T.H. Luhrmann describes meeting people who had an auditory experience of God. Were they crazy or more intensely prayerful? She speculates that prayer both guides and disciplines the imagination.
Her op-ed appeared in the NYTimes:
I was doing ethnographic field work in a quietly charismatic evangelical church in Chicago. This was the kind of church in which people sought an intimate, conversational relationship with God. It was not at all uncommon for people to talk about hearing God….
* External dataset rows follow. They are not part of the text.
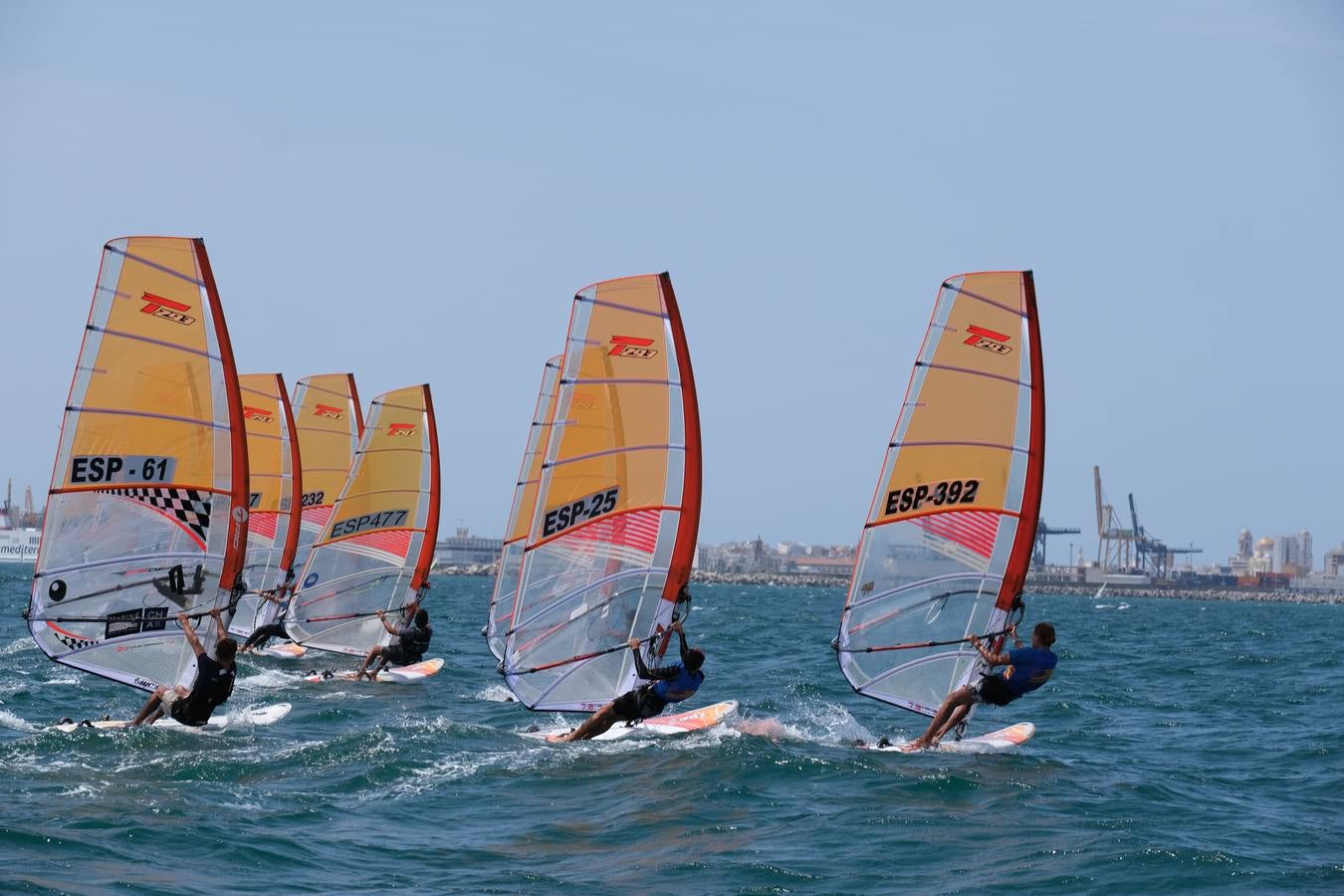 FOTOS: Las imágenes más espectaculares de la Copa de España de Windsurf, en la bahía de Cádiz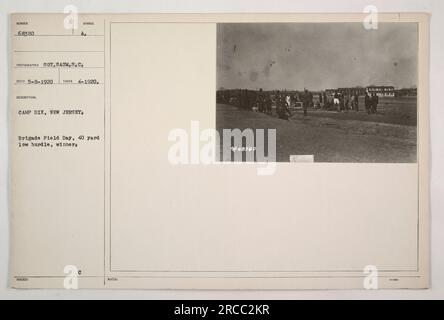 Ein Teilnehmer am Camp Dix in New Jersey nimmt am Brigade Field Day an einem 40-Yard-Rennen Teil. Die als „Nummer 683,80“ identifizierte Person ist auf diesem Foto von SOT, SAUM.S.C, im April 1920 aufgenommen. Das Bild wurde als Teil einer Serie mit dem Titel „Fotos amerikanischer Militäraktivitäten während des Ersten Weltkriegs“ aufgenommen. Stockfoto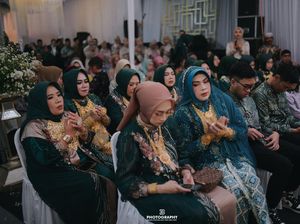 Viral Resepsi Pernikahan Tamunya bak Toko Emas Berjalan, Bikin Salfok Viral Resepsi Pernikahan Tamunya bak Toko Emas Berjalan, Bikin Salfok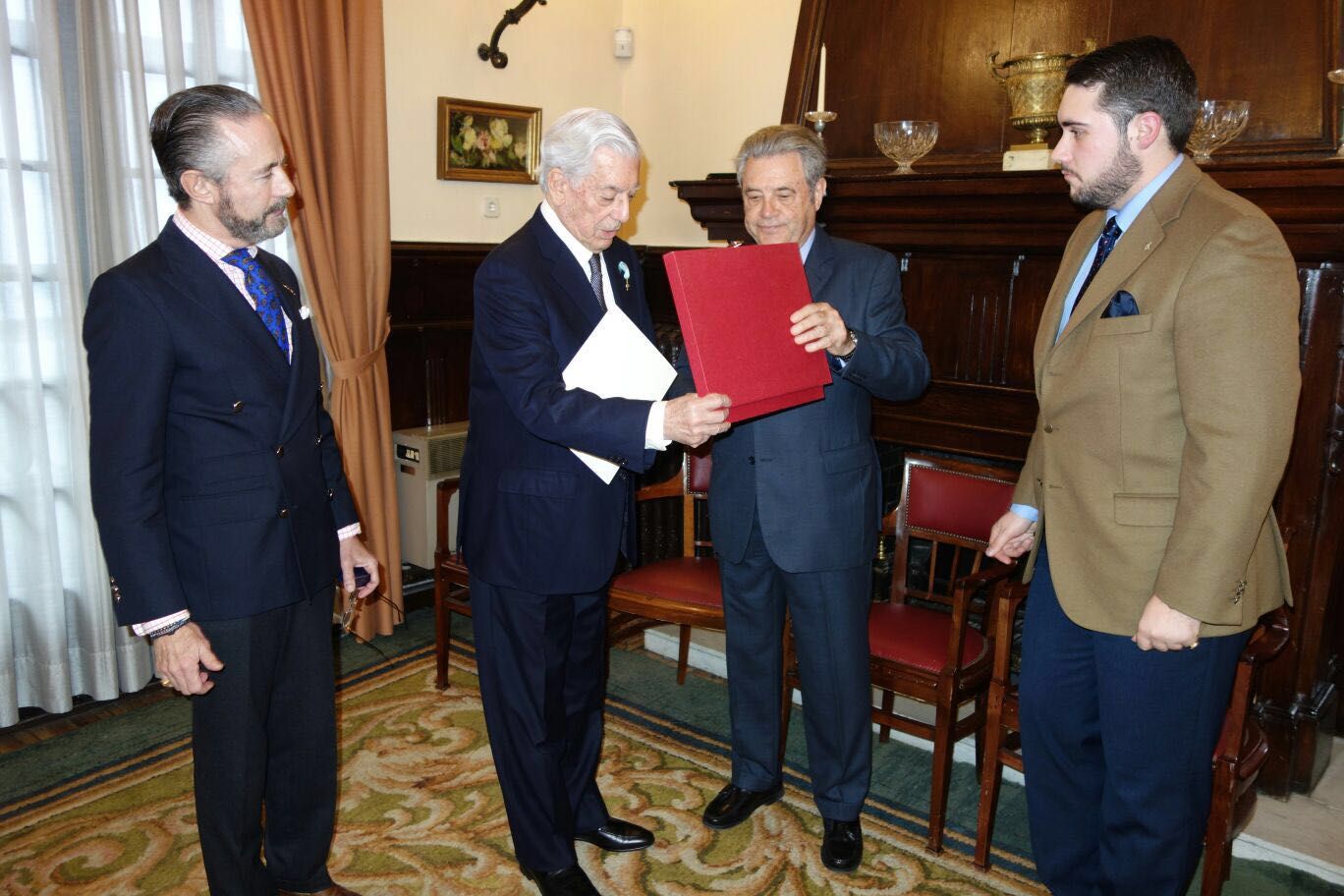 EN IMÁGENES: La relación de Mario Vargas Llosa con Asturias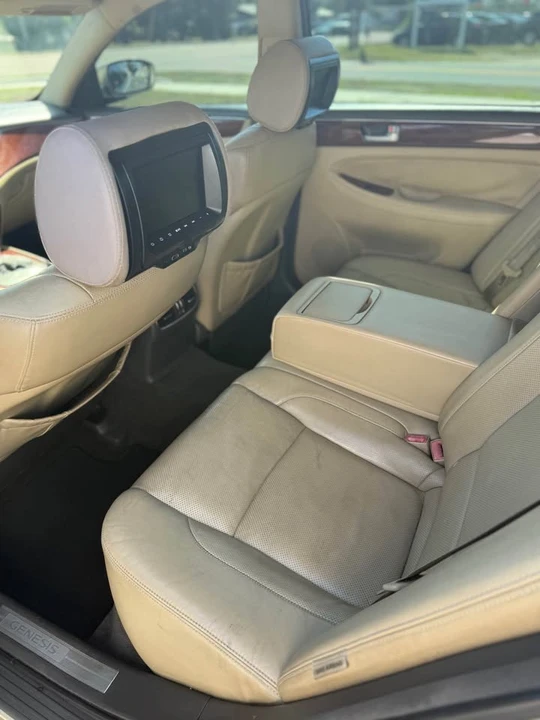 2012 Hyundai Genesis - Image 7 of 11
…What do we make of this? I don’t think that anthropologists can pronounce on whether God exists or not, but I am averse to the idea that God is the full explanation here. For one thing, many of these voices are mundane. A woman told me that she heard God tell her to get off the bus when she was immersed in a book and about to miss her stop. Moreover, odd auditory experiences are quite common. A questionnaire posed to 375 college students found that 71 percent reported vocal hallucinations of some kind, according to a study published in 1984 (a finding consistent with my own research). A 2000 study found that 38.7 percent of the population reported visual, auditory or other hallucinations, including out-of-body experiences.
Schizophrenia, or the radical break with reality we identify as serious mental illness, is also not an explanation. The people who reported these events simply weren’t ill in that way, and schizophrenia is not common (the prevalence among American adults is 1.1 percent in any year). Moreover, the patterns of their voice-hearing are quite unlike the patterns we associate with schizophrenia. The voices heard by people with schizophrenia are often harsh and commanding. They go on and on — sentences, paragraphs, sometimes crowds of people screaming and yelling insults at the poor voice-hearing person throughout the day.
The unusual auditory experiences reported by congregants just weren’t like that. They were rare. Most people said they’d had one or two in their lifetime. They were brief — just a few words. They were pleasant. And they did not have that sense of command. The woman who said God instructed her to start a school — well, she hasn’t done it
She speculates about the utility of prayer from an anthropological perspective:
The more interesting lesson is what it tells us about the mind and prayer. If hearing a voice is associated with focused attention to the inner senses — hearing with the mind’s ear, seeing with the mind’s eye — it suggests that prayer (which today, the National Day of Prayer, celebrates) is a pretty powerful instrument. We often imagine prayer as a practice that affects the content of what we think about — our moral aspirations, or our contrition. It’s probably more accurate to understand prayer as a skill that changes how we use our minds.